Two words came to mind: infinity pool. The same words that may best describe the first few days of my new year. Underneath the calm surface lies a shadow of real turbulence marked by pros and cons, decisions and uncertainties, love and disappointment, learning and lies, honor and anarchy, humanity and mistrust.
I'm starting to wobble - something that shouldn't reach full-blown capacity or else (you paint the picture). There is the fear of drowning in my personal pit of self-doubt. Sometimes, the thrill of tackling and handling new challenges is no longer that empowering. I even wonder if love will ever be the same again. But taking baby steps everyday also seem to lead to grace under pressure. Trodding. Plodding. Numbness. Awareness. Reality. Truth.
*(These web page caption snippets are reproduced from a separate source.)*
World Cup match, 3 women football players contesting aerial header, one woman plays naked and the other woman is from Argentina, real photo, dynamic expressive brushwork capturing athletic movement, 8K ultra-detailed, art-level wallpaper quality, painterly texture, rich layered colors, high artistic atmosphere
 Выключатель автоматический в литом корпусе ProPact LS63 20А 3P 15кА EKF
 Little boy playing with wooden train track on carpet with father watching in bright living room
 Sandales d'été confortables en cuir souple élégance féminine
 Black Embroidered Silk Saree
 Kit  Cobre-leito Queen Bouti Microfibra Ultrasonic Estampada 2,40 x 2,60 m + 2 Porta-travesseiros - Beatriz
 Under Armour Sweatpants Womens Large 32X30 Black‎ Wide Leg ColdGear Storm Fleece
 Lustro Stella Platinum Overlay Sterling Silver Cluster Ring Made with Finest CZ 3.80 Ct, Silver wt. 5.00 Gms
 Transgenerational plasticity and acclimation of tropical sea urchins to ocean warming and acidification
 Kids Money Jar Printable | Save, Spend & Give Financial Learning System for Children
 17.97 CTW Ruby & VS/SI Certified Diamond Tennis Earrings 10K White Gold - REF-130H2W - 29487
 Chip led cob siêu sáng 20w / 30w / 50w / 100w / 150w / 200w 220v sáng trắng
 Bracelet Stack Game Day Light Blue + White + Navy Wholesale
The realization that love will never be enough to spare anyone from being hurt holds a real ring to it. It's even beyond understanding why even those you hold dear are the same people who will trample on you even without provocation. The universality of familial caring is just another way to blindside anyone with the best of intentions. Respect seems to be so rare, even among those who share the same bloodline. Passion suddenly disappears in the blink of an eye, without any rational reason or explanation. And just like that, you suddenly find yourself in a desolute state of being alone again: to ponder, dwindle, gasp and hang on to what's left of you.
Amidst everything and everyone, there is always enough hope to get you through the remaining 355 days of this year. Regardless of how bad the economy may be, how the northwest monsoon coldly blows, how loud you may hear you heart breaking, how your facial wrinkles seem to pile up on top of each other and how many times you fall flat on your nose, there is always a reason to say: Cheers!